Francesco Rosi was one of Italy’s most acclaimed and influential film-makers from the 1950s to the ’90s.
He continued the Italian post-war neo-realist style, inspiring the likes of Francis Coppola and Martin Scorsese.
Francesco Rosi’s features often examined corruption and criminality.
His film Hands Over the City won the Golden Lion at the Venice Film Festival in 1963, while The Mattei Affair won the Palme d’Or in Cannes in 1972.
In 2012, Francesco Rosi was awarded an honorary Golden Lion for lifetime achievement for leaving “an indelible mark on the history of Italian film-making”.
Oscar-winning director Paolo Sorrentino paid tribute to him, saying: “There are directors, and they are few and far between, who are capable of constructing worlds, and they do it by the invention of methods and styles. Rosi was one of the very few.”
Franco Zeffirelli, a long-time friend, said Francesco Rosi’s death was “like experiencing a mutilation”.
Some of Francesco Rosi’s best-known movies told the stories of real events and real people in order to highlight the links between politics, crime and working class society in Italy.
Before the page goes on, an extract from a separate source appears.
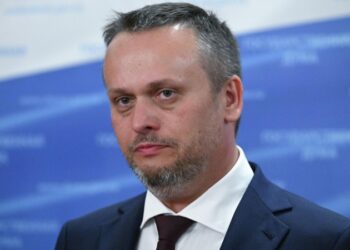 Савельев представил коллективу Минтранса нового главу ведомства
Salvatore Giuliano, which won a Silver Bear at the Berlin Film Festival in 1962, depicted the famous 1940s Sicilian outlaw of the same name.
The Mattei Affair used a mixture of dramatic scenes and real witnesses to examine the mysterious death of Italian businessman Enrico Mattei.
The Mafia often featured prominently in the Naples-born director’s films.
His other notable productions included a film version of the opera Carmen, starring Placido Domingo, which was nominated for the BAFTA Award for best foreign language film in 1986.
Francesco Rosi’s last film was 1997’s The Truce, which was based on Holocaust survivor Primo Levi’s memoir and starred John Turturro.